Additionally, KPIs are often presented in a simplified way, typically in performance dashboards or panels, making them easier to disseminate and internalize across various company sectors. In software like Qntrl, you can customize dashboards according to your company's needs.

Here are some examples of relevant KPIs for the previously mentioned sectors:

Retail: If a store's goal is to increase customer retention by 15% during the year, a relevant KPI could be the customer retention rate. This specific indicator would provide precise information on progress toward the goal and allow the company to adjust its strategies if necessary.

Information technology: In the IT field, it's common to have many individuals working in software development who organize their work through support tickets. Therefore, the cost of each ticket is an interesting metric to understand if the labor investment has been sufficient to meet demand. This cost can be calculated by dividing IT team expenses by the number of tickets resolved.

Digital marketing: One of the most used KPIs in the marketing world is return on investment (ROI), which indicates the profits obtained from investments made. This calculation is made using the formula (earnings - investment) ÷ investment.

What are the differences between metrics and KPIs? 

When applying these concepts in practice, some difficulties may arise in distinguishing between metrics and KPIs. But don't worry! Let's check some characteristics of each of these elements so that you and your company can structure an overview of products or services and achieve goals with a clearer direction.

Metrics 

  • Generic assessment: Metrics are a generalized way to understand the sector in which the business operates. It's possible to say that metrics are strongly related to a behavioral aspect but not necessarily about the success or failure of a process.
  • Informative evaluation: Metrics provide detailed information about a company's sectors and are not necessarily aligned with these sectors' objectives.
  • Adoption flexibility: Metrics can be used for many purposes, such as internal reports or trend analyses.

Key performance indicators 

  • Strategic evaluation: KPIs, on the other hand, have a closer relationship with business performance and, therefore, are customized according to the area or goal that the company wants to achieve.
  • Action-oriented: Due to this close relationship with performance, KPIs help in making company decisions and guiding managers to find the most viable path to success.
  • Success assessment: KPIs aim to measure the performance of a sector or a company, determining if the previously established goals are being achieved or if the strategy needs to be adjusted to reach the goals.
  • Continuous assessment practice: It's essential to revisit KPIs constantly to ensure the company is on the right path toward its objectives.

In summary, metrics are broad and generic measurements that provide ready information—they don't require calculations or inferences. KPIs are strategically chosen and combined metrics focusing on specific objectives to assess success and guide the company's actions.

Metrics may encompass a variety of information, whereas KPIs are selected based on their significance in progressing toward the achievement of strategic goals.

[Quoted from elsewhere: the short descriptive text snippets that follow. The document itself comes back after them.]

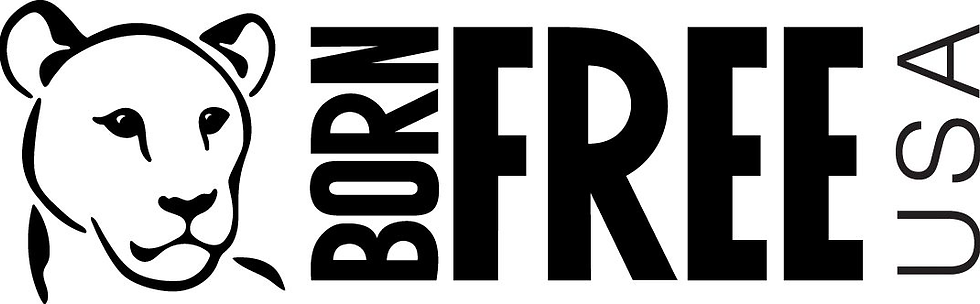 Logo with a stylized lion face on the left. Text reads "BORN FREE USA" vertically in bold black letters. Simple and striking design.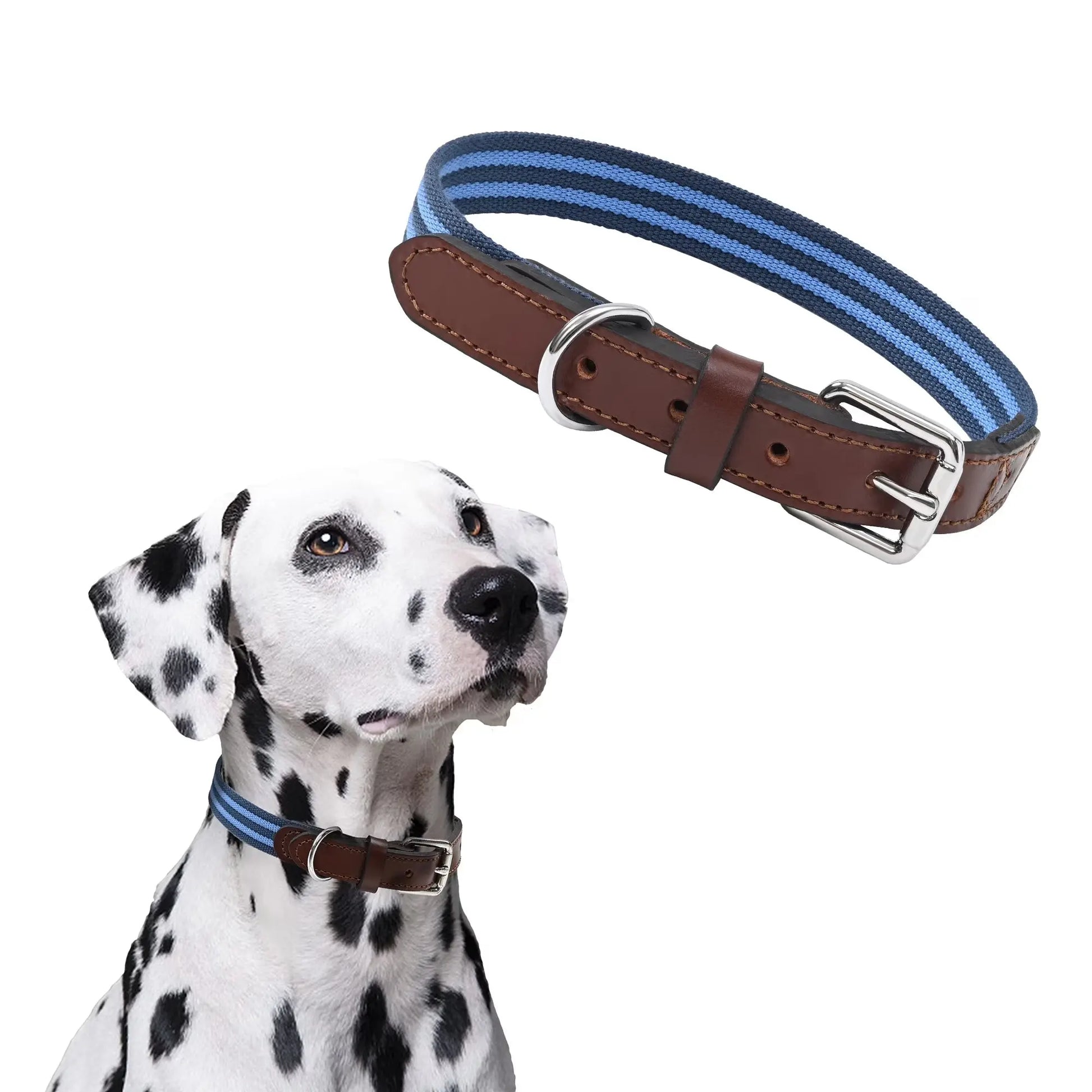 | Genuine Leather Dog Collar | Heavy Duty Canvas Dog Collars with Adjustable Rust-Proof Metal Pin Buckle | Boy Dog Collars for Small Dogs(Blue)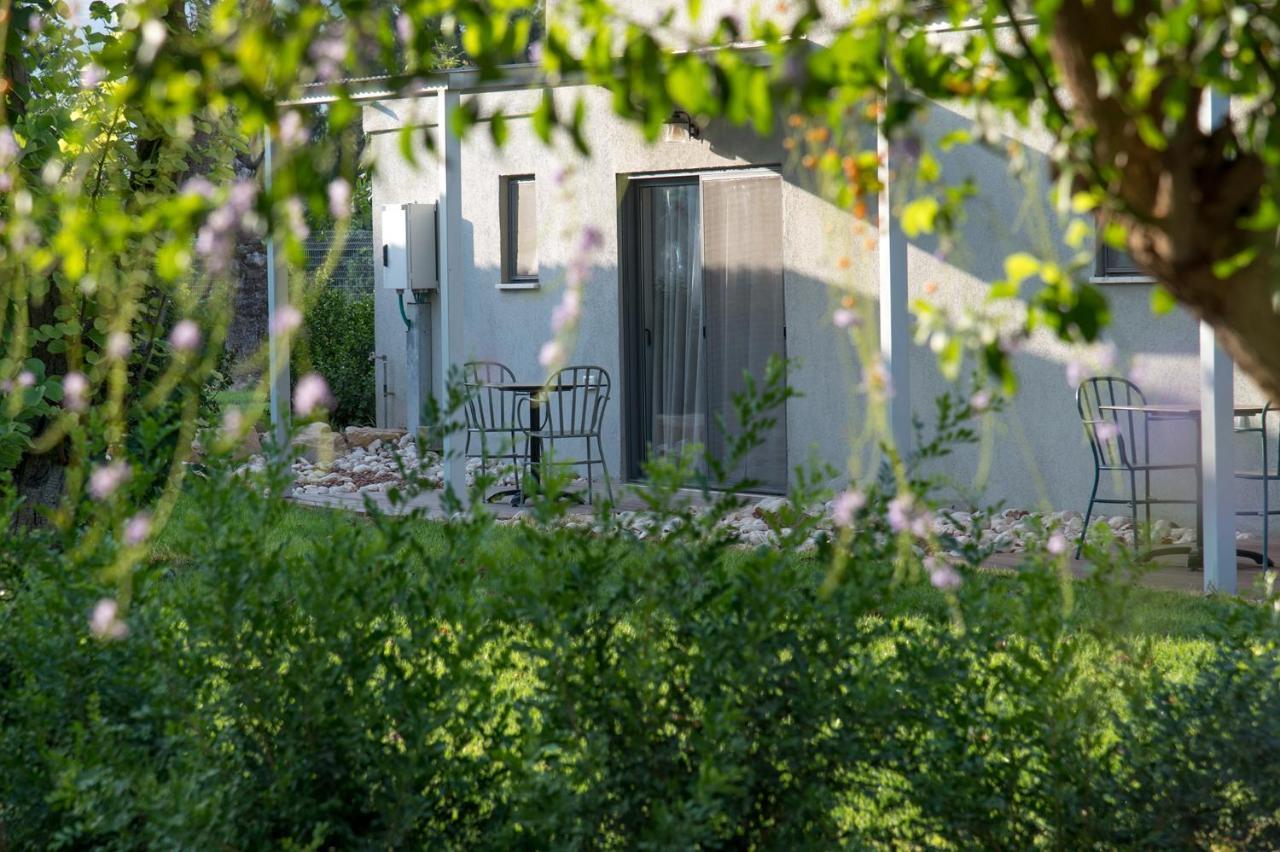 Degania Bet Kibbutz Country Lodging Кинерет Экстерьер фото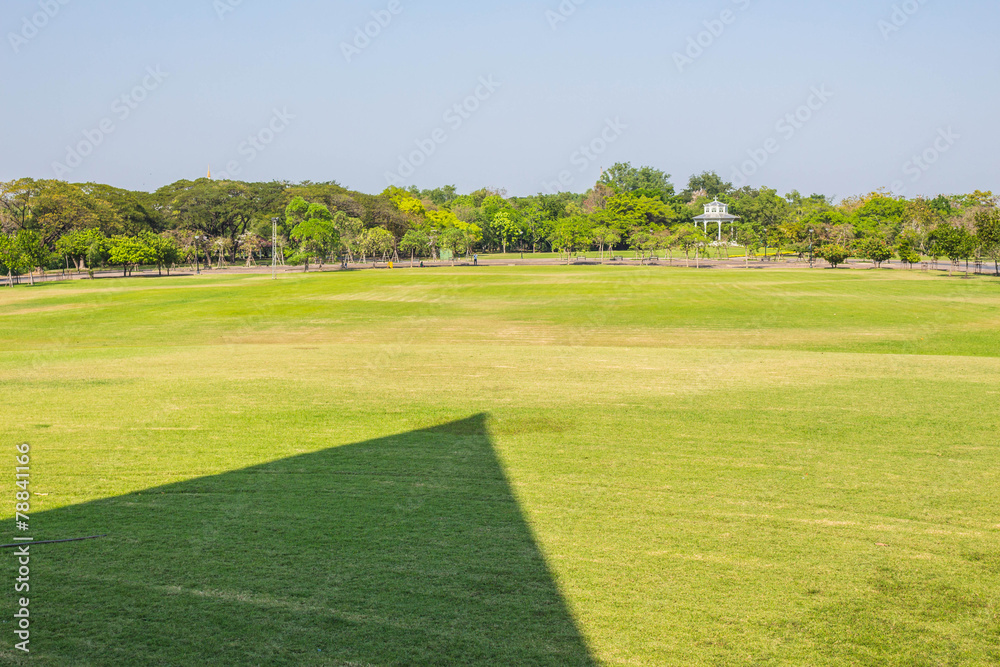 The lawn with shadow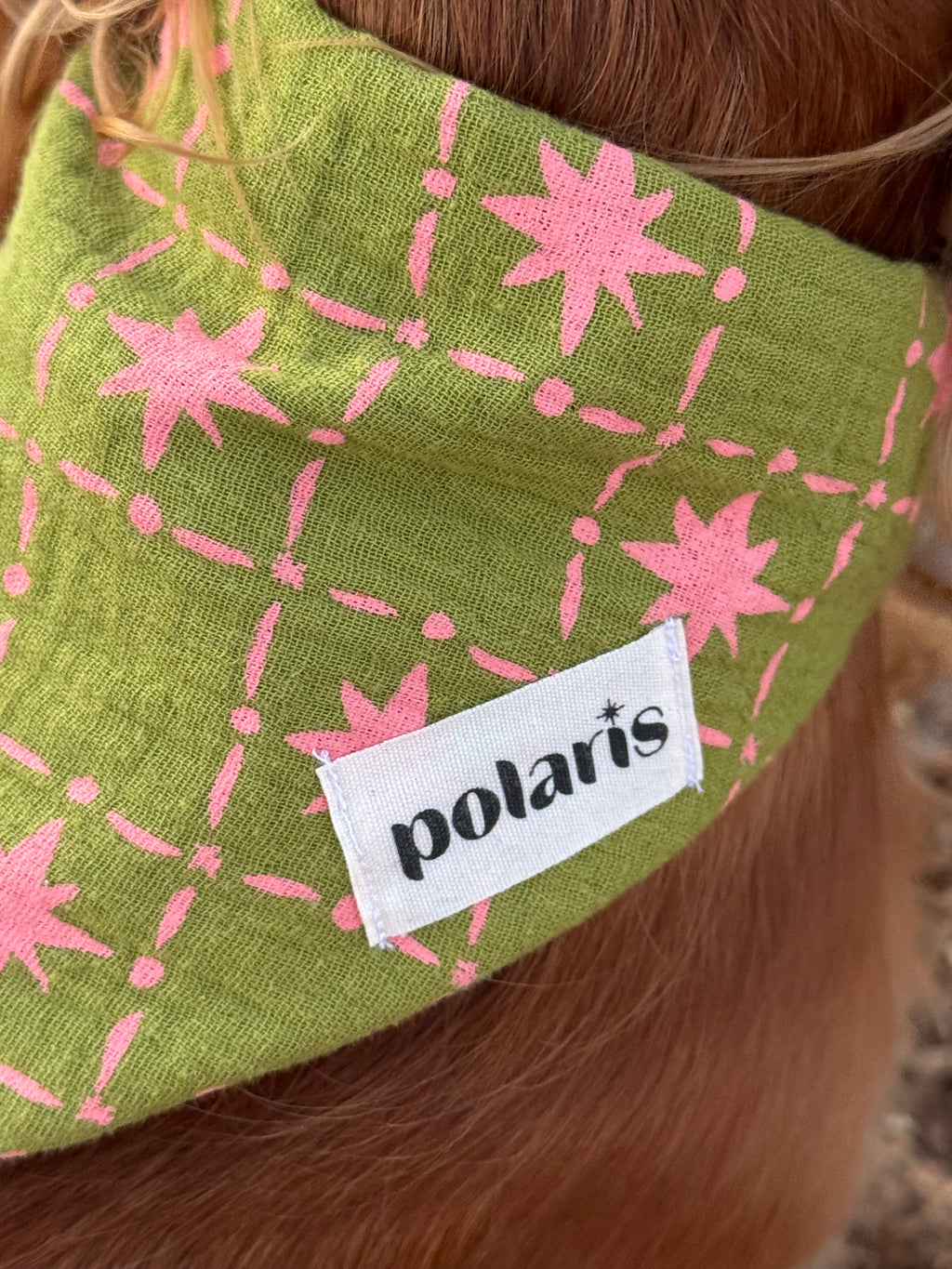 Bandana Polaris 💕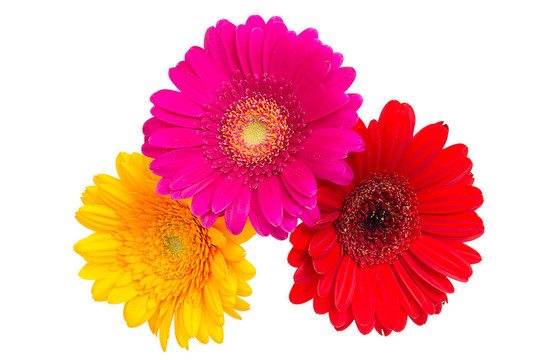 Gerber Daisy孤立在白色背景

To get to a KPI, you'll probably need to first have a raw metric—and metrics alone hardly ever tell you anything. For example, I could tell you a certain social media page has 50,000 fans. Is it a lot? Is it not enough? Alone, the number says nothing.

But when I tell you that this page is for astrophysics, is unique in its category, and has ten times as many followers as any other similar page (we start comparing numbers), you get an idea of depth and importance—and now you have a KPI.

Once they are merged and carefully and rationally interpreted, KPIs and metrics can be the key to unlocking a company's success, ensuring that the strategy is aligned with the scenario indicated by the numbers.